Information supplied ::

►

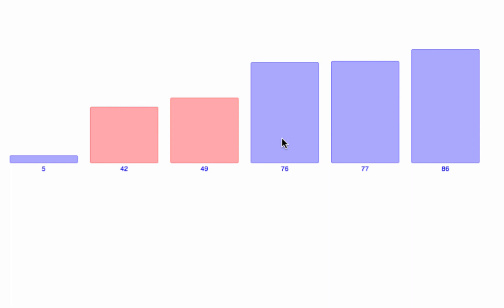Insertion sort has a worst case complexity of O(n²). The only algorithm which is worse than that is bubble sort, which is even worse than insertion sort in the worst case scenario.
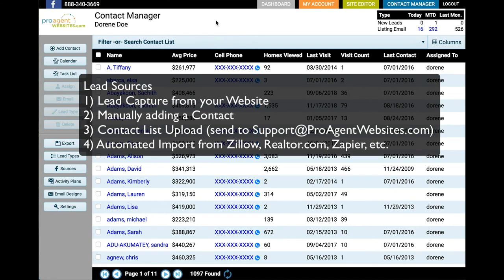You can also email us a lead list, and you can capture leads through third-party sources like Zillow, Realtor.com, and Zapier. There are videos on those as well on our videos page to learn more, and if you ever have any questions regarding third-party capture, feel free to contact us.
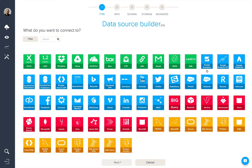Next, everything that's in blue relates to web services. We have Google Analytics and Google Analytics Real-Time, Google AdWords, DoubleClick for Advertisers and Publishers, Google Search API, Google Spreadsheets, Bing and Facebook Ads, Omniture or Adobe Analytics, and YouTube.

◄
►

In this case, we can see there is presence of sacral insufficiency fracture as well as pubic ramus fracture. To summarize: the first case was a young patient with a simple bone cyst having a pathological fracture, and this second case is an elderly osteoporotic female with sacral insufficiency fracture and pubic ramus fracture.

◄

Task statement :: Above are records with pictures. Reproduce exactly only the lines from the line with "Insertion sort has" through the line with "Next, everything that's", both ends included, and leave the pictures out.

Response ::
Insertion sort has a worst case complexity of O(n²). The only algorithm which is worse than that is bubble sort, which is even worse than insertion sort in the worst case scenario.
You can also email us a lead list, and you can capture leads through third-party sources like Zillow, Realtor.com, and Zapier. There are videos on those as well on our videos page to learn more, and if you ever have any questions regarding third-party capture, feel free to contact us.
Next, everything that's in blue relates to web services. We have Google Analytics and Google Analytics Real-Time, Google AdWords, DoubleClick for Advertisers and Publishers, Google Search API, Google Spreadsheets, Bing and Facebook Ads, Omniture or Adobe Analytics, and YouTube.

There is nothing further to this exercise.